= Excerpted records =
§

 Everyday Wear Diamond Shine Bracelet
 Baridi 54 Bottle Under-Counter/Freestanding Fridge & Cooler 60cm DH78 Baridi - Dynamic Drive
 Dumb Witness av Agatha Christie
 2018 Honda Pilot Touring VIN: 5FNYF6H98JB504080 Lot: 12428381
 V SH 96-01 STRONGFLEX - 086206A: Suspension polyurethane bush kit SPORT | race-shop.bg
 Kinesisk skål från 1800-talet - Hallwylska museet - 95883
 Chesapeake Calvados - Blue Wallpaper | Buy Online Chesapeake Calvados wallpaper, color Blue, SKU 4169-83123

§

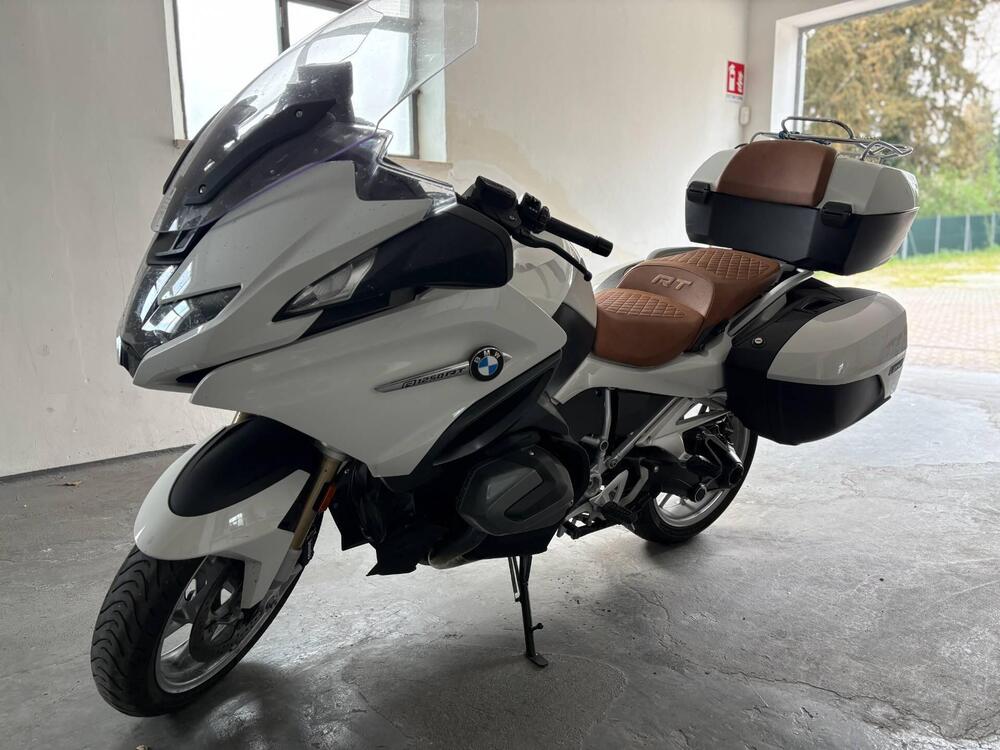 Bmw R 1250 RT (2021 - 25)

§

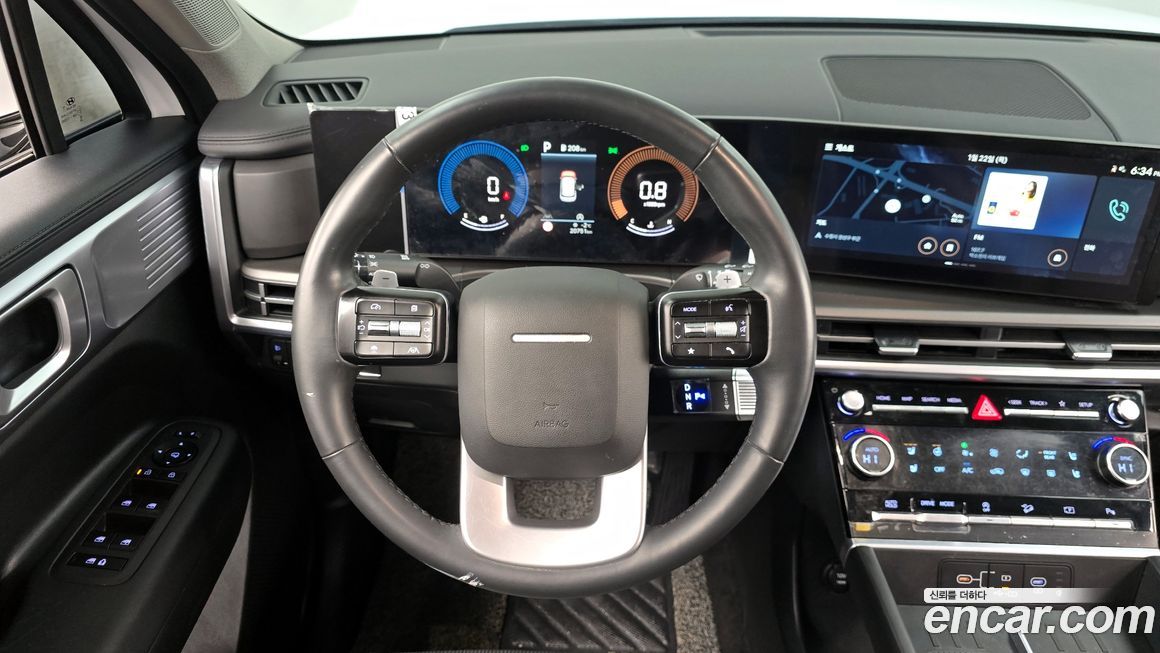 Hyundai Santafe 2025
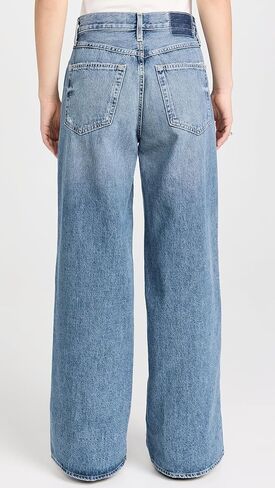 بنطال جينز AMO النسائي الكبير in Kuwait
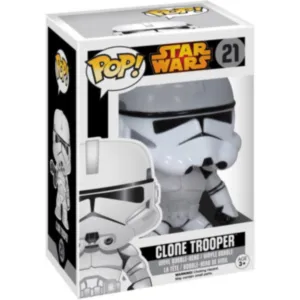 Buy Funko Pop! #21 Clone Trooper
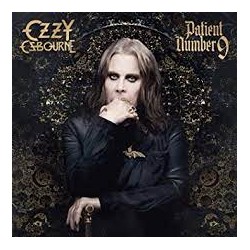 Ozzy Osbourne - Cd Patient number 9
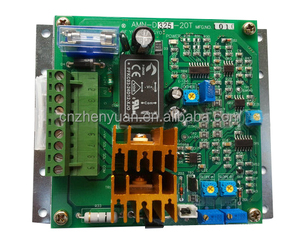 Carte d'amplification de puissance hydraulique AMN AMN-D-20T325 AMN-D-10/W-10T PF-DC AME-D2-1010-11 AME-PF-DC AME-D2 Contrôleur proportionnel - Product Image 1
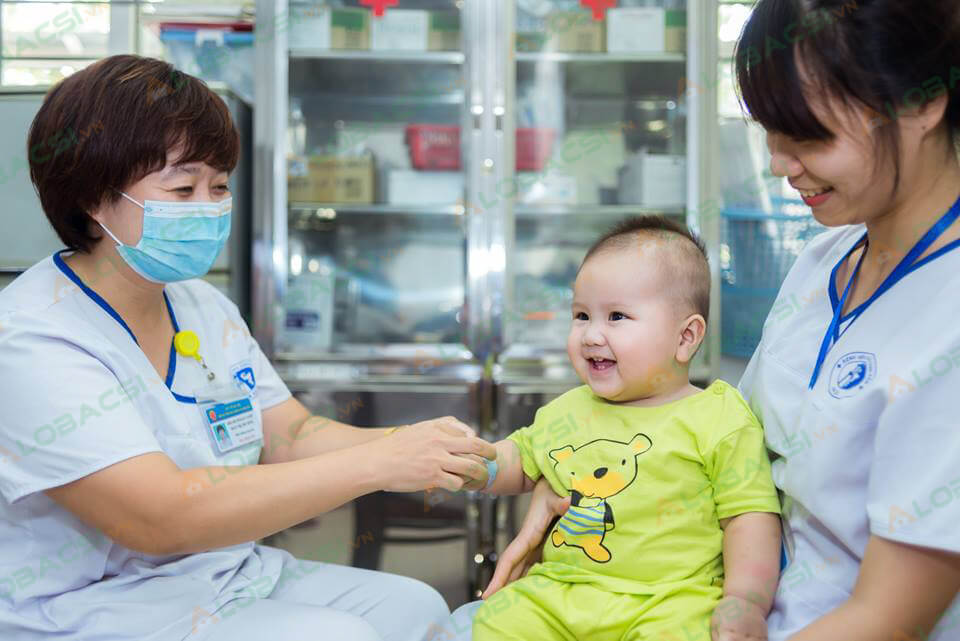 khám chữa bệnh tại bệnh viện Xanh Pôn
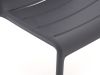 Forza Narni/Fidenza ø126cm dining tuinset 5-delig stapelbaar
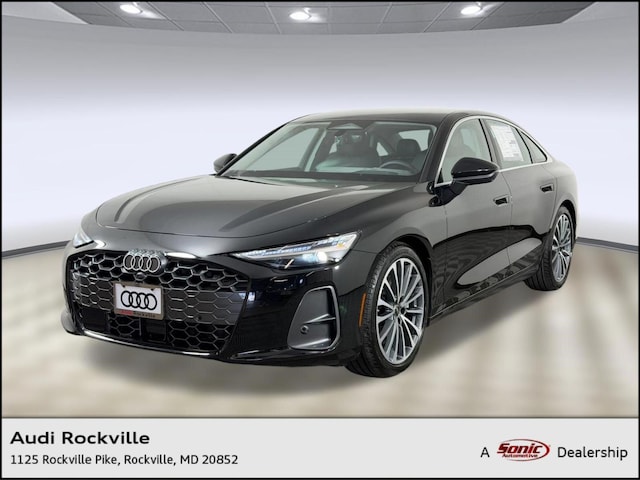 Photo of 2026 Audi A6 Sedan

§

= Problem to work on =
Please reproduce exactly the lines in the listing above from the one containing "Everyday Wear Diamond Shine Bracelet" through the one containing "V SH 96-01 STRONGFLEX", both included, and nothing more.

= Answer below =
 Everyday Wear Diamond Shine Bracelet
 Baridi 54 Bottle Under-Counter/Freestanding Fridge & Cooler 60cm DH78 Baridi - Dynamic Drive
 Dumb Witness av Agatha Christie
 2018 Honda Pilot Touring VIN: 5FNYF6H98JB504080 Lot: 12428381
 V SH 96-01 STRONGFLEX - 086206A: Suspension polyurethane bush kit SPORT | race-shop.bg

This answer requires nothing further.